Grand County officials asked residents to leave the fireworks on the shelf as the Fourth of July approached and fire danger climbed toward a 10-year high. The county commission adopted a resolution on June 16 urging people to skip personal fireworks, a request meant to cut off one of the most predictable ignition sources in one of the driest stretches of the year.
The warning was tied to conditions that a county fire official described as very high at all elevations. In the lower elevations, fire danger had already reached the 95th percentile for the energy release component, the measure that tracks how hot, intense and hard to control a wildfire could be. In the La Sal Mountains, that figure was nearing the 97th percentile, which the official said was approaching a 10-year high for this time of year.
That timing mattered. In Grand County, the middle of June through the end of July is the annual peak of fire danger, and July 4 falls right in the middle of it. The county had already seen fires this spring, including a semi-truck fire that spread into roadside brush in March and a series of fires along Interstate 70 in early June that led to arson charges.
For the Four Corners adventure crowd, the stakes ran far beyond a backyard display. Fire restrictions and wildfire risk can affect trailheads, roadside camping, river shuttles, backcountry access and public-land travel across the red-rock country around Moab and the rest of Grand County. Federal land partners planned to have crews out on July 4, a sign of how closely agencies were watching the holiday window as temperatures stayed high and the landscape dried out.
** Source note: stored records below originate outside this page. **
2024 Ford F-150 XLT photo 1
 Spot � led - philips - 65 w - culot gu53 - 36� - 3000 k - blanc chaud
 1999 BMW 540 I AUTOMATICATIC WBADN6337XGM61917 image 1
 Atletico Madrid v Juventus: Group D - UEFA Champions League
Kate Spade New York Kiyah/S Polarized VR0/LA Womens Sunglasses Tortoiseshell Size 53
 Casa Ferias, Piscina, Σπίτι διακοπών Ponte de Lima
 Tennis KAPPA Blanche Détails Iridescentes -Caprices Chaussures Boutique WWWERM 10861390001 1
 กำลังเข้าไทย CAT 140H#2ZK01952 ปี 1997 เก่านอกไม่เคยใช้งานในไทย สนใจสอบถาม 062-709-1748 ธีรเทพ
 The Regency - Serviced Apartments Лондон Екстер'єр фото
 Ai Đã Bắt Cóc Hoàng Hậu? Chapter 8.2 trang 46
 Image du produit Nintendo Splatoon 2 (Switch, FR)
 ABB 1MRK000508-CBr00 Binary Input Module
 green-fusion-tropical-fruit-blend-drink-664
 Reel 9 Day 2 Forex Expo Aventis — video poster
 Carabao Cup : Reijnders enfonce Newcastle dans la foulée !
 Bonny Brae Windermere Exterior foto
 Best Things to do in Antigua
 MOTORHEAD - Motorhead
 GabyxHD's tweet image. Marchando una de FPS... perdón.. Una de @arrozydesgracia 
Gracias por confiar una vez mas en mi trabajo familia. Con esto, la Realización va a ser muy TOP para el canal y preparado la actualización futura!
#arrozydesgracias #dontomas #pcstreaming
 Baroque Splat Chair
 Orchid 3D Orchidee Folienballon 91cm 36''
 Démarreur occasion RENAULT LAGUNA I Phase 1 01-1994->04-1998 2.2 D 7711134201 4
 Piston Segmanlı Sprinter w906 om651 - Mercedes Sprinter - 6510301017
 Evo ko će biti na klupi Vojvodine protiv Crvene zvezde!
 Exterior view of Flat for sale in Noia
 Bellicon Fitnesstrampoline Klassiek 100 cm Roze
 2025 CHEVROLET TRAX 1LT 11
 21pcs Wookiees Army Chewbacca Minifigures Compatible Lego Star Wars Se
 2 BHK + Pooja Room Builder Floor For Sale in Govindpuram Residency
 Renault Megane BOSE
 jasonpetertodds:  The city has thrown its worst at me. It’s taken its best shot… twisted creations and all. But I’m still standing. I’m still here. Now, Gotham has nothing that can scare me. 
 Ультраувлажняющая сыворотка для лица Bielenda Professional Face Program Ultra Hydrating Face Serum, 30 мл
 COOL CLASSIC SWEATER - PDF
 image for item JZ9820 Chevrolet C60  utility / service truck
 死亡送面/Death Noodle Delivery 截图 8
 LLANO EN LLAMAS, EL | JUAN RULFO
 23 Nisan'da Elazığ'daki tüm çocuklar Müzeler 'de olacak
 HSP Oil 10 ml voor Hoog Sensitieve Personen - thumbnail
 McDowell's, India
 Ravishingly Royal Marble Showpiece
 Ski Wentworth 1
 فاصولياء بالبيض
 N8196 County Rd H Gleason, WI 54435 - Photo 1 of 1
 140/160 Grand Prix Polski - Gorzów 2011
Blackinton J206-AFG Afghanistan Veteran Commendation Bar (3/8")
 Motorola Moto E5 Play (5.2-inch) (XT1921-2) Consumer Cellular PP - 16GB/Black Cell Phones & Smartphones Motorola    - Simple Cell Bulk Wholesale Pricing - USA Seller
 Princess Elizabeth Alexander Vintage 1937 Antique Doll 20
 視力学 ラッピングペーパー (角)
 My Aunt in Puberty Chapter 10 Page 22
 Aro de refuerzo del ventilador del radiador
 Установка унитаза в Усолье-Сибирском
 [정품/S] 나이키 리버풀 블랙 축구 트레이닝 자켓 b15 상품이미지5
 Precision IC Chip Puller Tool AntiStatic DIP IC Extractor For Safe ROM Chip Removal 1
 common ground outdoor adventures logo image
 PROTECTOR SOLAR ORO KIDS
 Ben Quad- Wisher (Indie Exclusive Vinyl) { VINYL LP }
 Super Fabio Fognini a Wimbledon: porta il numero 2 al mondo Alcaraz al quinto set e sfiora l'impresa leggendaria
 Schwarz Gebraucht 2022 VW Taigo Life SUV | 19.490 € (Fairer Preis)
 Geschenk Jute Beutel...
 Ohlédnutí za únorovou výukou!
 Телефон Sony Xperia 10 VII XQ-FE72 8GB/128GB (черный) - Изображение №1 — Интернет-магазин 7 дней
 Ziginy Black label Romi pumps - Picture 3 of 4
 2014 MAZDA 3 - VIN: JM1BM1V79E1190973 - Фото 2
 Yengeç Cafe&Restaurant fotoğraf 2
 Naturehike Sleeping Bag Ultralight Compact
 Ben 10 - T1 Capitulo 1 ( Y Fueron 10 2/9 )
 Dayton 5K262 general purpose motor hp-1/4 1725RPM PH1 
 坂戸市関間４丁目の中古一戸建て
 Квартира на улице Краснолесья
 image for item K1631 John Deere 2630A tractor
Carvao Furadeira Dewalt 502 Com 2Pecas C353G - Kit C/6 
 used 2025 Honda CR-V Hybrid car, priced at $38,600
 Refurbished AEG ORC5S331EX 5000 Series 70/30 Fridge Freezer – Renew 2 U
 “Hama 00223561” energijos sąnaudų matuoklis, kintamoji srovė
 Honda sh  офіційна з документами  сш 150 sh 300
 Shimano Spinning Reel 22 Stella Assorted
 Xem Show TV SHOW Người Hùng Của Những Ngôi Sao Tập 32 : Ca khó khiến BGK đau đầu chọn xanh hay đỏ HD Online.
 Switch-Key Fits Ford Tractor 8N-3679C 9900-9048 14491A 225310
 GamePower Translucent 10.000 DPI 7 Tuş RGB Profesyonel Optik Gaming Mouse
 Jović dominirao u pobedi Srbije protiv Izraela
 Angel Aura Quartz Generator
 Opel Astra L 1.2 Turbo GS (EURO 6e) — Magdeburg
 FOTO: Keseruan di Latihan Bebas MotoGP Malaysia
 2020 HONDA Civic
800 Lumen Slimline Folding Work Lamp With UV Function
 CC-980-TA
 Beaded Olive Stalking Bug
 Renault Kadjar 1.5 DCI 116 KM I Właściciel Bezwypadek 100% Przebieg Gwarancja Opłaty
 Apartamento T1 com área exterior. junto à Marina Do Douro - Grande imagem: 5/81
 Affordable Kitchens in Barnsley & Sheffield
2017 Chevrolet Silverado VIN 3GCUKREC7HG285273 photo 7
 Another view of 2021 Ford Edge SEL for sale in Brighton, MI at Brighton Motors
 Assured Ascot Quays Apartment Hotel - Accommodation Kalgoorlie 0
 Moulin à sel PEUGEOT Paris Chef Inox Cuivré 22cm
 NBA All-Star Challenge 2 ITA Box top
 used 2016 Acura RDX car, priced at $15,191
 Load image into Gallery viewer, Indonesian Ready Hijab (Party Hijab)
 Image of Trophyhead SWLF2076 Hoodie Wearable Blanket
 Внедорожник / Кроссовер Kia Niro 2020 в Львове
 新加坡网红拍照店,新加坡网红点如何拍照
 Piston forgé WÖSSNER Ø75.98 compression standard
The county’s message was not a ban, but it was a blunt reminder that a single spark could close roads, threaten campsites or trigger evacuations. Anyone who still used fireworks was urged to keep them far from vegetation and structures and to have water on hand. In Grand County, protecting the holiday weekend meant protecting the recreation season itself before one careless spark could change the route, the campsite or the road out.